NavList:
A Community Devoted to the Preservation and Practice of Celestial Navigation and Other Methods of Traditional Wayfinding
From: Robert Pearson
Date: 2016 Nov 5, 18:59 -0700
Sumner's method for lop solved a "time sight" twice for longitude using 2 different latitudes that differed only by a small amount - Frank suggests 0.1 deg. Plotting the 2 positions and drawing a straight line between them gives us a chord of the circle of position (cop) corresponding to the measured altitude. Marc St Hilaire's intercept method for lop gives us a distance between 2 cops one thru the ap and one corresponding to the measured altitude. With St Hilaire's method we also calculate the azimuth from the ap to draw the tangent to the cop corresponding to the measured altitude at the point where it intersects the azimuth line. Both methods give a good approximation to the same cop.

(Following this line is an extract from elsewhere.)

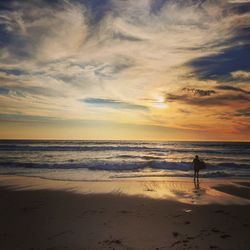 Scenic view of beach against sky during sunset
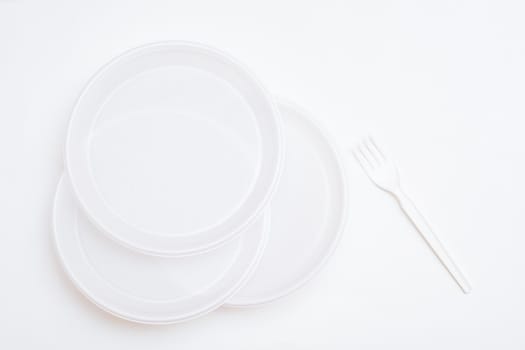 Three white disposable clean plastic plates and a fork on a white background. Top view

We also have modified Sumner methods that solve the time sight for longitude and also the azimuth from that position. The resulting lop plotted thru that tangent to the azimuth would also approximate the cop thru the one position found. In fact it would be the same lop found by the St Hilaire method if the ap was the position found by time sight. Lops found by these methods were all called Sumner lines.
Sumner's method came 1st by many years (1837 vs 1875) and if memory serves me well both were used in the US Navy in preference to the time sight for longitude. In the US merchant marine officers preferred the time sight and noon sights to a much greater extent maybe up to WW I even.
To recap: with Sumner we solve 2 spherical triangles for 2 position points but they use the same altitude and declination. With St Hiliare we solve 1 spherical triangle for altitude and azimuth. Both give accurate results for ordinary navigation. Manual calcs using tables/logs vs calculator methods might favor one method over the other or as in the past familiarity and personal preference might also play a role.
I guess what goes around comes around - right Frank.